Your objective: Copy the lines below exactly. No picture goes into the copy.
++++ Extracted information
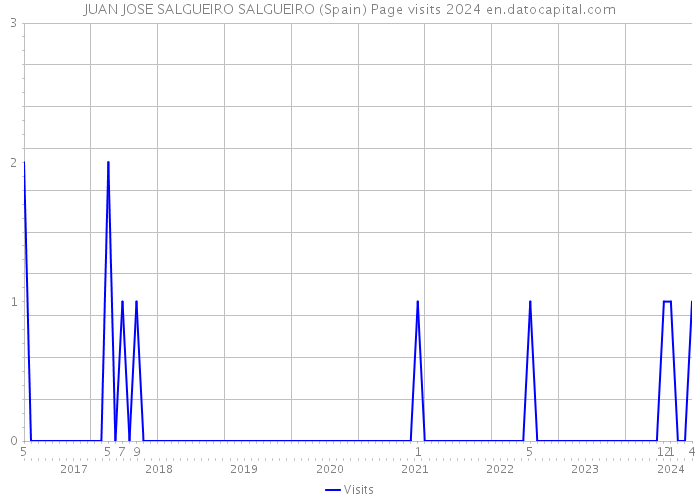 JUAN JOSE SALGUEIRO SALGUEIRO (Spain) Page visits 2024 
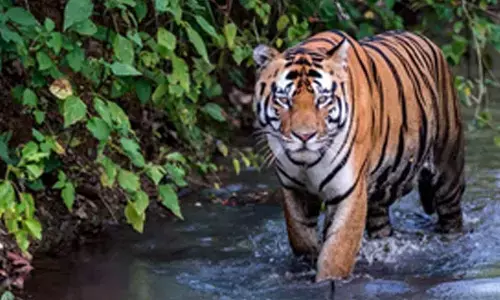 Komaram Bheem: Forest Officials Capture c That Terrorized Villages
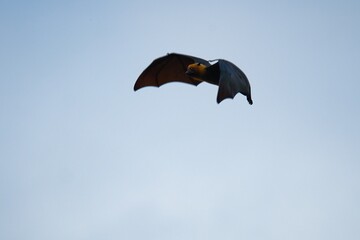 Seychelles fruit bat flying on cloudy day, Mahe Seychelles 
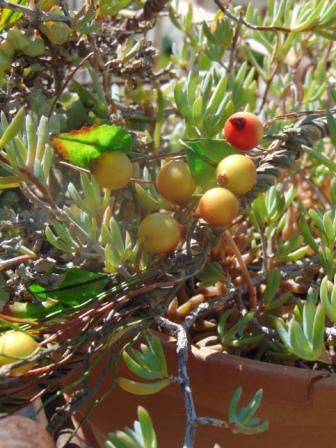 Ribes Cadente H 95 animato in 2 modelli - Sconti per Fioristi e Aziende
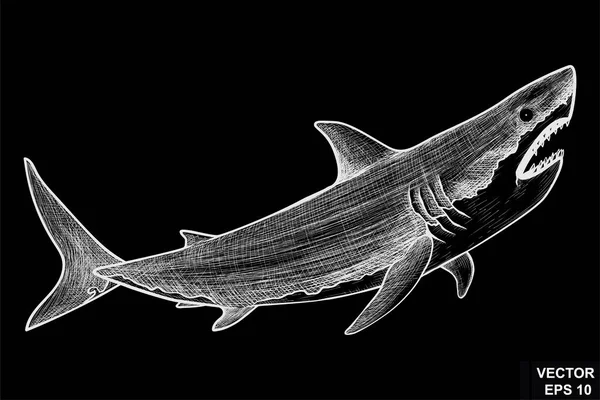 Акула Рыбу Доске Мелом Скетч Вашего Дизайна — стоковый вектор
++++++++
Exercise output:
 JUAN JOSE SALGUEIRO SALGUEIRO (Spain) Page visits 2024 
 Komaram Bheem: Forest Officials Capture c That Terrorized Villages
 Seychelles fruit bat flying on cloudy day, Mahe Seychelles 
 Ribes Cadente H 95 animato in 2 modelli - Sconti per Fioristi e Aziende
 Акула Рыбу Доске Мелом Скетч Вашего Дизайна — стоковый вектор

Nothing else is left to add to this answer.